Bipedal gait versatility in the Japanese macaque (Macaca fuscata)

Abstract

It was previously believed that, among primates, only humans run bipedally. However, there is now growing evidence that at least some non-human primates can not only run bipedally but can also generate a running gait with an aerial phase. Japanese macaques trained for bipedal performances have been known to exhibit remarkable bipedal locomotion capabilities, but no aerial-phase running has previously been reported. In the present study, we investigated whether Japanese macaques could run with an aerial phase by collecting bipedal gait sequences from three macaques on a level surface at self-selected speeds (n = 188). During our experiments, body kinematics and ground reaction forces were recorded by a motion-capture system and two force plates installed within a wooden walkway. Our results demonstrated that macaques were able to utilize a variety of bipedal gaits including grounded running, skipping, and even running with an aerial phase.

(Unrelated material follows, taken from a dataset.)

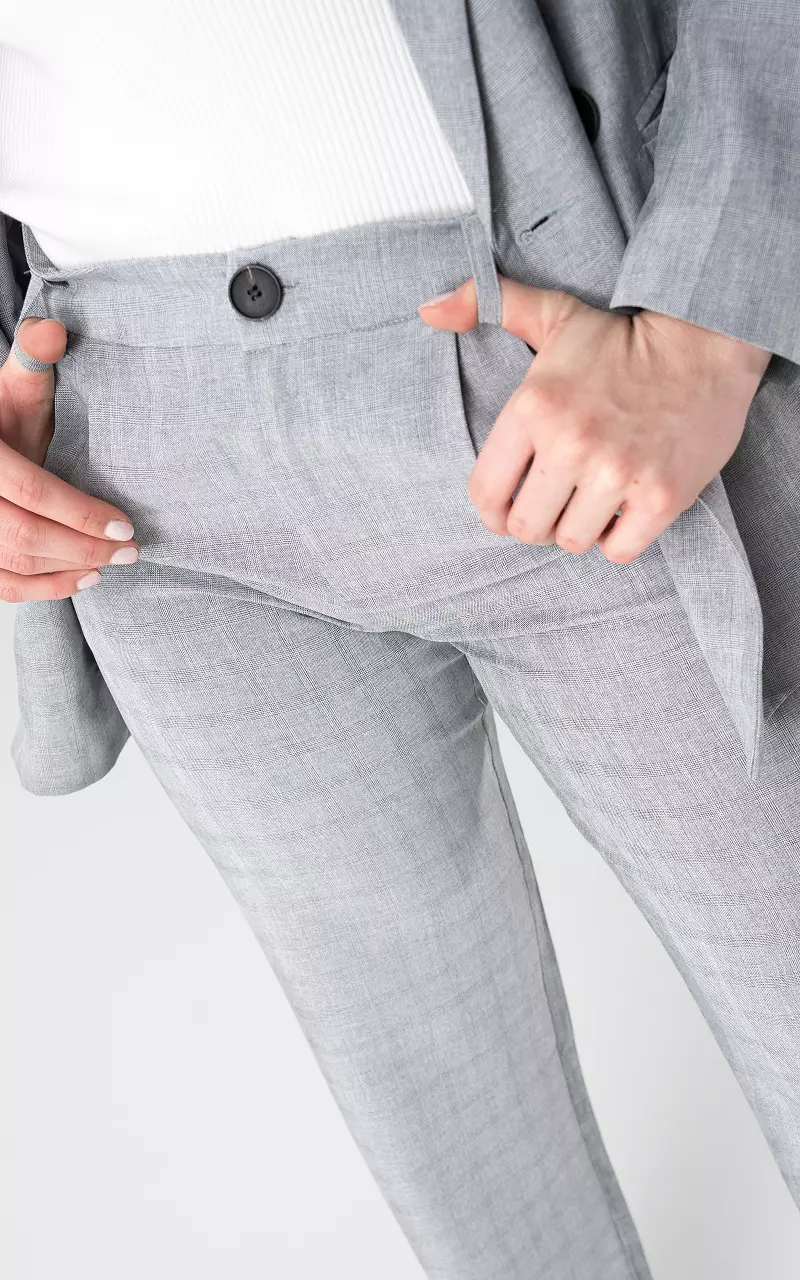 Wide leg pants Light Grey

The self-selected bipedal locomotion speed of the macaques was fast, with Froude speed ranging from 0.4 to 1.3. However, based on congruity, no single trial that could be categorized as a pendulum-like walking gait was observed. The parameters describing the temporal, kinematic, and dynamic characteristics of macaque bipedal running gaits follow the patterns previously documented for other non-human primates and terrestrial birds that use running gaits, but are different from those of humans and from birds' walking gaits. The present study confirmed that when a Japanese macaque engages in bipedal locomotion, even without an aerial phase, it generally utilizes a spring-like running mechanism because the animals have a limited ability to stiffen their legs. That limitation is due to anatomical restrictions determined by the morphology and structure of the macaque musculoskeletal system. The general adoption of grounded running in macaques and other non-human primates, along with its absence in human bipedal locomotion, suggests that abandonment of compliant gait was a critical transition in the evolution of human obligatory bipedalism.